The force of about 15,000 includes two Army brigade combat teams (BCTs) and a combat air (helicopter) brigade, all of which deployed in 2011 prior to the withdrawal of combat forces from Iraq.  We haven’t “boosted” our ground-force presence in the Persian Gulf; we have drawn it down a little less than originally advertised.  The forces in Kuwait are insufficient to mount an attack with; they might be used instead to help defend Gulf nations if Iran retaliated against sanctions or other Western actions with regional attacks.  (The original premise was being able to go back into Iraq for security operations.)

The carrier strike group situation, meanwhile, will prove out in the coming days; we may have decided to keep two strike groups on station instead of one.  One of two carriers that are currently outside the Persian Gulf – USS John C Stennis (CVN-74), which has been on station and is due to go home to the West coast, and USS Carl Vinson (CVN-70), which has just arrived from San Diego – will probably leave shortly.  A third carrier strike group, that of USS Abraham Lincoln (CVN-72), is reportedly headed for the theater from its last port visit in Thailand, which may mean that two carriers will be within a 1-3 day transit of the Persian Gulf, even if both are not operating there continuously.

It has been far from unusual to have two carriers in CENTCOM over the past decade.  Even Pat Buchanan seems to have given up thinking it’s a harbinger of an ill-advised attack on Iran.  Two carriers are, in fact, insufficient to launch a deliberate attack on Iran – like the ground forces being retained in Kuwait.  The presence of two carriers in the theater for an extended period is evidence of a marginally heightened defensive profile.   (It also gives the president the flexibility to send one on a dash to the Eastern Mediterranean if necessary, while keeping one on station in Southwest Asia.)  The two carriers are not a signal that we are going on offense.

Notably, if we did need to apply significant force in the Eastern Med, we’d have to send assets there.  The Russians have the only aircraft carrier task force deployed in EASTMED. The US has not maintained a robust carrier presence in the Med for some years now.  (Interestingly, Britain and France are planning to jointly deploy a large naval force – including aircraft carriers – to the Med later this year.)

Meanwhile, another media narrative, about the US sending a signal of support to Israel (and pressure against Iran) at a crucial time, has just fallen apart.

The US and Israel were set to hold exercise Austere Challenge 2012 in May, followed by Exercise Juniper Cobra 2012, a missile/air-defense exercise that would place the Theater High-Altitude Defense (THAAD) system in a “defense against Iranian missiles” scenario.

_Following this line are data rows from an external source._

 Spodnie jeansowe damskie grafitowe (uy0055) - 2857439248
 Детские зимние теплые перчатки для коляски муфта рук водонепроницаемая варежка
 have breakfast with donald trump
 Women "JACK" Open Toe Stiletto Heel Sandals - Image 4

The Juniper Cobra series started in 2001, and in 2009 brought the THAAD system into Israel also.  Austere Challenge is a US European Command (EUCOM) exercise series in which the command headquarters practices operating as a joint task force HQ, commanding participants among the US forces stationed or deployed in the EUCOM theater.  US reserve forces regularly deploy to Europe for the exercise, and in 2011, the US Sixth Fleet flagship, USS Mount Whitney, participated as a HQ afloat, concluding the exercise with a port visit in Haifa.

The US and Israel were planning a large-scale combination of these exercises in April-May 2012.  But reporting in the last 24 hours indicates that the exercises will not take place then.  Turkish press, quoting Israeli reporting, says that the exercises have been postponed until later in the year.  But the most recent Israeli reporting suggests the exercises have been cancelled (with budget concerns cited as the reason).

Postponement – probably to an as-yet unspecified date – is more likely.  The US gets as much out of these exercises as Israel, and has been focusing on Juniper Cobra 2012 for validating missile-defense systems and operational concepts that cannot be effectively exercised elsewhere. (UPDATE:  the latest from the Jerusalem Post confirms that the exercises will be held later in 2012.)

But the political signal is the opposite of the one originally talked up in the infosphere.  Rather than intending to send a signal about US support for Israel, one that would put pressure on Iran, the administration is, at the very least, not concerned that canceling or delaying the exercises will inevitably send a very different signal.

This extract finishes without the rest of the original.